Quote from: Janek on Jun 27, 2024, 02:53:58 PMOn another note do you guys think that Alien: R is canon or is it just one of possible futures for Ripley? Perhaps she stays dead and of course there is no need to make a movie about that. Maybe Alien: R is a "What if Ripley is brought back" scenario.
Depends how we define canon. If its any event that occurred in the theatrical releases of the movie, then it stays canon unless something occurs in a movie after the events of A3 that severely contradicts what could have led to AR.
Being it's so far in the future, the only thing I can think of would be a story that shows the aliens spreading so far and wide that there would be no practical need to attempt cloning Ripley 200 years in the future.
My definition of canon is which events the studio would see as inviolable by a future director or writer. That is because the only value I see of canon is its use in predicting what events cannot be contradicted.
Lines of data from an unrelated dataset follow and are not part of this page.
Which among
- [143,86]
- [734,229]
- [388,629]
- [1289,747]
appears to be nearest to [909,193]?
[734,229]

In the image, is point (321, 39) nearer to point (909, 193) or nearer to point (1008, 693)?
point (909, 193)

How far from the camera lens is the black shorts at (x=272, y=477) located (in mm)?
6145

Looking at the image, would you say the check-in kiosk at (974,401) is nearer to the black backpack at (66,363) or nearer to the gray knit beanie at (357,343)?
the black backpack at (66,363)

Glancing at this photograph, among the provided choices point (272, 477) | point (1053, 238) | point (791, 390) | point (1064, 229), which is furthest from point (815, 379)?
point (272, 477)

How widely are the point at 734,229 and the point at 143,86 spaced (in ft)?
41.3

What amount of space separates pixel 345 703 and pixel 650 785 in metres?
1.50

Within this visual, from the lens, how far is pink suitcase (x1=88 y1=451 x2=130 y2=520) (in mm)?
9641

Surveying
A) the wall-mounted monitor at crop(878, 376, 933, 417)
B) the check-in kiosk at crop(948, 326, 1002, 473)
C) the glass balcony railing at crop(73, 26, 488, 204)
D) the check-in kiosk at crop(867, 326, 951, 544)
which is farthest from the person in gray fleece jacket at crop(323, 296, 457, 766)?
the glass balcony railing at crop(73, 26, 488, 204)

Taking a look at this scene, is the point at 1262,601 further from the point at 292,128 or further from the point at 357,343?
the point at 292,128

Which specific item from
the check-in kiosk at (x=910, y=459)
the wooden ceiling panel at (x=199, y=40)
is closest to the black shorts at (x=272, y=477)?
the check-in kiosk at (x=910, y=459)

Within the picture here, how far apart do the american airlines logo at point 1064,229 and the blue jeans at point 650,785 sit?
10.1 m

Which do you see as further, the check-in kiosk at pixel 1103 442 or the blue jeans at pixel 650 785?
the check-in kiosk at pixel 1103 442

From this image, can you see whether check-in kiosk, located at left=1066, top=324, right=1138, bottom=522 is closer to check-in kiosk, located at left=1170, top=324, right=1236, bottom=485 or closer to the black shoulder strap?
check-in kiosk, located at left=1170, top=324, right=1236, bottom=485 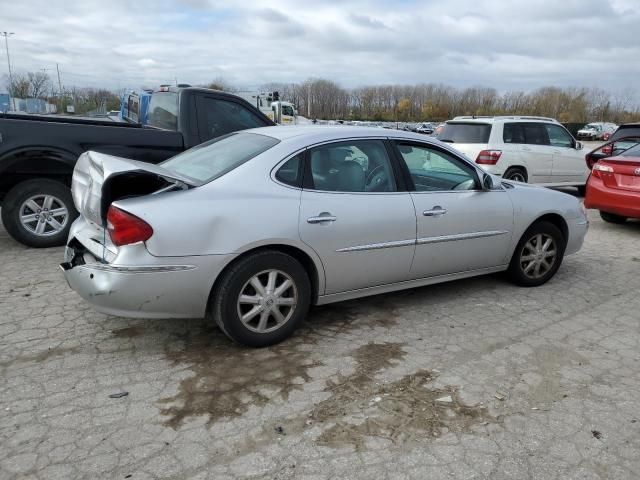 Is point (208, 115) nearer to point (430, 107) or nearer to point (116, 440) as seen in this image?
point (116, 440)

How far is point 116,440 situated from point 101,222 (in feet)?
4.95

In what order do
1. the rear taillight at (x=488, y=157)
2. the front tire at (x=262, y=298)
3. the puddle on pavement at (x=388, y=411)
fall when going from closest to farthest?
the puddle on pavement at (x=388, y=411), the front tire at (x=262, y=298), the rear taillight at (x=488, y=157)

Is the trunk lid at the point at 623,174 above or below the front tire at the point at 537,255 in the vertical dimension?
above

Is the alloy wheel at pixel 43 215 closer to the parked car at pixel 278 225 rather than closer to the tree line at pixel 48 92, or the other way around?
the parked car at pixel 278 225

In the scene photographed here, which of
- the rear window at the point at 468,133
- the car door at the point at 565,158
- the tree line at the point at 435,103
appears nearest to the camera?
the rear window at the point at 468,133

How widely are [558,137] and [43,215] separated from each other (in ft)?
31.1

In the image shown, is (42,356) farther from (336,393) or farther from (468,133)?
(468,133)

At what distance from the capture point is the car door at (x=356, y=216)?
12.6 ft

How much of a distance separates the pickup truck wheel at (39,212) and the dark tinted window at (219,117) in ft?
5.98

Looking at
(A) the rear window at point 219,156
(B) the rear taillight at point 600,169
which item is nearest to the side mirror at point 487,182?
(A) the rear window at point 219,156

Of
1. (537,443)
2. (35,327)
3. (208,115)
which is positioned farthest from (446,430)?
(208,115)

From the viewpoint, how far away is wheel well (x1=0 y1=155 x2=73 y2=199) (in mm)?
5785

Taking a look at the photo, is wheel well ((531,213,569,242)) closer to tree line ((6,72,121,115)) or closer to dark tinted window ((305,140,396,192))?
dark tinted window ((305,140,396,192))

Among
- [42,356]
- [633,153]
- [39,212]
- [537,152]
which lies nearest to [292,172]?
[42,356] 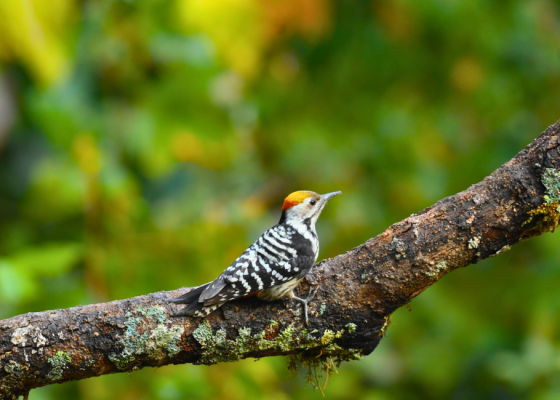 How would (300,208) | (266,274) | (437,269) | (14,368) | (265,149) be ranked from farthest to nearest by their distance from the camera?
(265,149) < (300,208) < (266,274) < (437,269) < (14,368)

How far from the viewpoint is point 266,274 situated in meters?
2.59

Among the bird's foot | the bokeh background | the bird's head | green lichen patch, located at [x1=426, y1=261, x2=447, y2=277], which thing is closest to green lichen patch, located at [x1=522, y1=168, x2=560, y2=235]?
green lichen patch, located at [x1=426, y1=261, x2=447, y2=277]

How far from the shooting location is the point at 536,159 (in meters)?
2.36

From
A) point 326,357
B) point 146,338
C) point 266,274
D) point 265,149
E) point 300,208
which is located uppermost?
point 265,149

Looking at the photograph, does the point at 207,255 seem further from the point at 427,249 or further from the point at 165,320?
the point at 427,249

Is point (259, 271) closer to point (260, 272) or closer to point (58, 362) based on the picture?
point (260, 272)

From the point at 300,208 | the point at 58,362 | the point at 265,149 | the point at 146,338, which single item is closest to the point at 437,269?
the point at 300,208

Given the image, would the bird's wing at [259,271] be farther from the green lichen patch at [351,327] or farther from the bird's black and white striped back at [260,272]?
the green lichen patch at [351,327]

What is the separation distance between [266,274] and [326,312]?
35cm

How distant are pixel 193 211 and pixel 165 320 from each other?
315 centimetres

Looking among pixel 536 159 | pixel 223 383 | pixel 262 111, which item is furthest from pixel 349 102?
pixel 536 159

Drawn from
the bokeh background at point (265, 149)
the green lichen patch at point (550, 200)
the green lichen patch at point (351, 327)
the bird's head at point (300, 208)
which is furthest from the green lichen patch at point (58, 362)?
the green lichen patch at point (550, 200)

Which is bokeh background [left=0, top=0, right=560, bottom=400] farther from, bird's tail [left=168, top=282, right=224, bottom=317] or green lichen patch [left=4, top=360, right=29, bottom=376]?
bird's tail [left=168, top=282, right=224, bottom=317]

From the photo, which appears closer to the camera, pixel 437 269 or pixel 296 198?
pixel 437 269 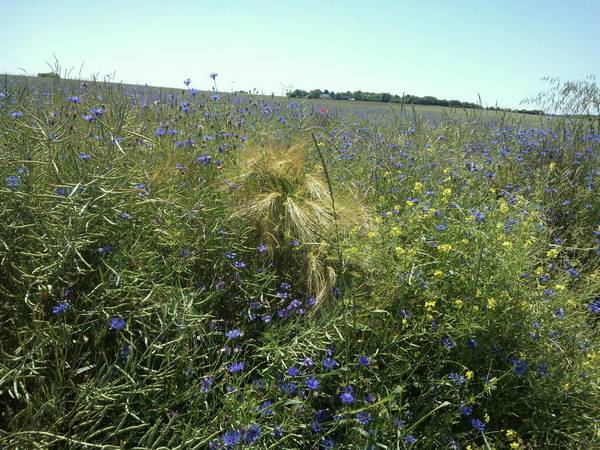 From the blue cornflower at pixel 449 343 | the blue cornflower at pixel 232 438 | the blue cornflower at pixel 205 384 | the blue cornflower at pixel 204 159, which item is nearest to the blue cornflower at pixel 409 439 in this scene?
the blue cornflower at pixel 449 343

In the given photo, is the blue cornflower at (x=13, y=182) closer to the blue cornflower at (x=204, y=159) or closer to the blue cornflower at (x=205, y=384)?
the blue cornflower at (x=204, y=159)

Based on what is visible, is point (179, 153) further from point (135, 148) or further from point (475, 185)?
point (475, 185)

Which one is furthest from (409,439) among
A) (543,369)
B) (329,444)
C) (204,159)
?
(204,159)

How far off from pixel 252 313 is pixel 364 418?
2.31 ft

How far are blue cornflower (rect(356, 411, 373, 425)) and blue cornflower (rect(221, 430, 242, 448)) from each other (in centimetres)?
44

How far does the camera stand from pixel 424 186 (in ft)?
10.3

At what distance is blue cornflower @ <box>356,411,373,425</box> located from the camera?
157 cm

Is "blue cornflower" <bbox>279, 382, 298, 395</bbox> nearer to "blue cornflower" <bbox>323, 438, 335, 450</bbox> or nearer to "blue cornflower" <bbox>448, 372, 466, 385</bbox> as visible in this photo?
"blue cornflower" <bbox>323, 438, 335, 450</bbox>

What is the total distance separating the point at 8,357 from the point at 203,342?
71cm

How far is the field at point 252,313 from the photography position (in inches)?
60.1

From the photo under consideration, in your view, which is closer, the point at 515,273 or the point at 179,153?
the point at 515,273

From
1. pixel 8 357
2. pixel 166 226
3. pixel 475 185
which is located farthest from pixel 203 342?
pixel 475 185

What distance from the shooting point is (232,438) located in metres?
1.35

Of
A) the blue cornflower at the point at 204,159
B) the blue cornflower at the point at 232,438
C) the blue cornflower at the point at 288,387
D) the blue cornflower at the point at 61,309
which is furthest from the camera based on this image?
the blue cornflower at the point at 204,159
According to Alex White, not very much, and they basically couldn't contradict the events of A1 and A2. Even then, it's likely only the major events of those movies count, as the vast majority of audiences are not going to realize if something contradicts a detail like the exact size of a blast radius in relation to the distance of a derelict spacecraft, for example.
Oddly enough, the black goo, an alternative blueprint for the alien as opposed to DNA, sort of supports AR. If the alien blueprint is a radically advanced artificial intelligence, practically the same as the black goo, or the black goo was made from it. In that way, the facehugger isn't laying an egg in the host but rather only needs to get a pinch of its DNA into the host, and the host body grows the alien on its own. Then it makes sense that it reacted to an attempt to clone a host by "xenomorphing" the result, like what happened to Fifield happening to the cloned Ripley fetuses.
If I were writing it, and it absolutely had to take place in the AR timeline, and I needed a source for the aliens, I'd have an android on another station attempt an alternative plan to cloning Ripley and simply inject a human, who shared her blood type, with a micro-dose of her blood, and that person would become pregnant with a non-defective alien queen. I'm imagining the voice of David saying, "Often, the simplest solution is the right answer." That or another Juggernaut ship was recently found crashed somewhere else to take that simplicity further.
As I said before, I really don't see producers restricting a writer or director to treating the events of AR as inviolable, especially as it was poorly received. There is a good chance its existence will be largely ignored, even if not outright contradicted. The movie did have some good moments and had the non-landing humor and silliness like bullet ricochet bouncing been removed, it would have been much more enjoyable.
My take on the franchise is Alien was like a haunted house, Aliens was like a rollercoaster, Alien3 was like a funeral, and Alien Resurrection was like a fever-dream.